Well, any definition of 'pitching to the score' I've seen, isn't about how many runs were scored for you [ie you could be down 5-0 and your team could win the game in the bottom of the ninth and it would count in your scenerio].

Also, is ERA the best measure for this? Afterall, isn't 'pitching to the score' more about throwing strikes and trusting the defense more than just allowing extra runs?

I'd think that if a pitcher was truly pitching to the score, you'd see an increase in AVG, a decrease in OBP-AVG and an increase in ISO.

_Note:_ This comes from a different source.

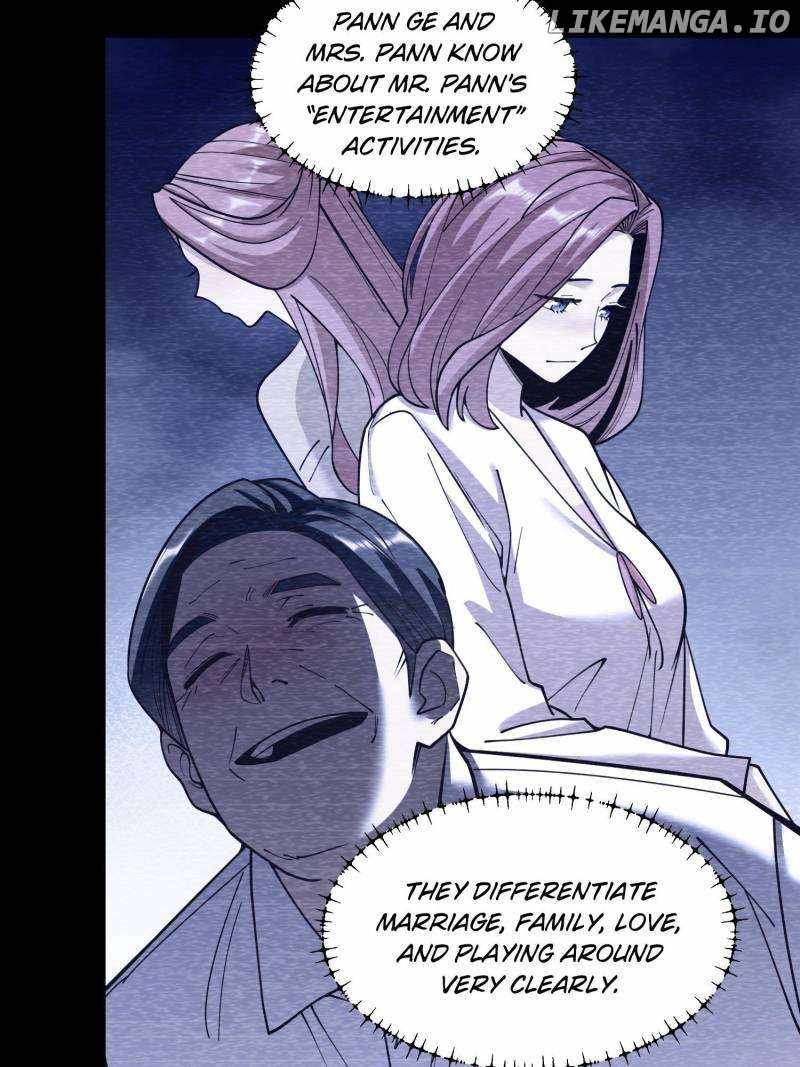 I Regressed to Level Up Instead of Being a Simp Chapter 155 page 36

Unfortunately the non-play-index splits, can't get me all the way there, but here's what I can put together from the standard splits:

0-5 .244/.069/.127
6+ .253/.061/.143

So, he does show the three tendencies I mentioned above, but there is still the first issue of what the actual numbers were when he had big leads to work with.

Outside of grabbign a truckload of retrosheet data, I'm not sure where I could go to get that...

Plainly, there is a reasonable argument to be made that Jack Morris was a better pitcher than Jamie Moyer, and the fact that some stats say that Moyer was a slightly better pitcher does not prove to the contrary, unless you're misusing the stats. However, using the stats properly, they make a good case that Moyer is in the same class of pitcher as Morris, and that is illuminating in assessing Morris' HOF argument.

That comment, sklein11, sums what I hoped to express in the piece.

I don't agree with all of it - I think Moyer may have been better than Morris - but I don't feel that strongly about it.

jamie moyer is a last ballot hall of famer. when he retires at 53 and hes the last pitcher EVER to get to 300 wins, he will get in after a serious look at his career. he only had 46 wins before he was 30, his shit isnt flashy, its just effective, he deserves it, pitching in an era of roids middle relievers and closers. hes one of the last old school ballplayers were ever gonna see. he deserves the hall.

If Moyer pitches 3 more years, he'll have 300 wins. If he doesn't make the HOF then, he'll be the only 300 winner not to do so. Even in these days of advanced metrics, 300 wins means something.

Why use Morris for comparison. Moyer currently shows numbers very similar to that of Dennis Martiex aka El Presidente and Dennis didn't even get enough votes to stay on the ballot after the first year.